WHAT YOU NEED TO DO: Would you return the entries below exactly from the line containing "2 Queen Beds (1 of 7)" onward, ending with the final line and including it, and nothing else?

Stored dataset items:
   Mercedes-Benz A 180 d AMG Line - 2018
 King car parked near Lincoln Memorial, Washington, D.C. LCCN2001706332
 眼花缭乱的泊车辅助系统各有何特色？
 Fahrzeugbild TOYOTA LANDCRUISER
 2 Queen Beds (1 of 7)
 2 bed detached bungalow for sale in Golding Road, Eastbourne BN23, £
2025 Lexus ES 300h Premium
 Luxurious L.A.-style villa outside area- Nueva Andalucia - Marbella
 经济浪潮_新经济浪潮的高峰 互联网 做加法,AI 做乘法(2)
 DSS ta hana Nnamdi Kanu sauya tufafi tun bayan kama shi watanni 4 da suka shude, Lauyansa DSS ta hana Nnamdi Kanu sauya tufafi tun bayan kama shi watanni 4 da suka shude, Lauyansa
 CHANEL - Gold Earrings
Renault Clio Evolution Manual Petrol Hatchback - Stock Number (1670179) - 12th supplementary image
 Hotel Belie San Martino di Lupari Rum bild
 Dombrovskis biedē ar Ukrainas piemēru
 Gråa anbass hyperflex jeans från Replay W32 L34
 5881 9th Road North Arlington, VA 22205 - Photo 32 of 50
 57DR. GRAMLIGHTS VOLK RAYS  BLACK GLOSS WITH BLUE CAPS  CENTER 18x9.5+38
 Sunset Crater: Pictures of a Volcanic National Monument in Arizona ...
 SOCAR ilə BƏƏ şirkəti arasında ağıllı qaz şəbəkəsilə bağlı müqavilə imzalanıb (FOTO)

OUTPUT FOR THIS EXERCISE:
 2 Queen Beds (1 of 7)
 2 bed detached bungalow for sale in Golding Road, Eastbourne BN23, £
2025 Lexus ES 300h Premium
 Luxurious L.A.-style villa outside area- Nueva Andalucia - Marbella
 经济浪潮_新经济浪潮的高峰 互联网 做加法,AI 做乘法(2)
 DSS ta hana Nnamdi Kanu sauya tufafi tun bayan kama shi watanni 4 da suka shude, Lauyansa DSS ta hana Nnamdi Kanu sauya tufafi tun bayan kama shi watanni 4 da suka shude, Lauyansa
 CHANEL - Gold Earrings
Renault Clio Evolution Manual Petrol Hatchback - Stock Number (1670179) - 12th supplementary image
 Hotel Belie San Martino di Lupari Rum bild
 Dombrovskis biedē ar Ukrainas piemēru
 Gråa anbass hyperflex jeans från Replay W32 L34
 5881 9th Road North Arlington, VA 22205 - Photo 32 of 50
 57DR. GRAMLIGHTS VOLK RAYS  BLACK GLOSS WITH BLUE CAPS  CENTER 18x9.5+38
 Sunset Crater: Pictures of a Volcanic National Monument in Arizona ...
 SOCAR ilə BƏƏ şirkəti arasında ağıllı qaz şəbəkəsilə bağlı müqavilə imzalanıb (FOTO)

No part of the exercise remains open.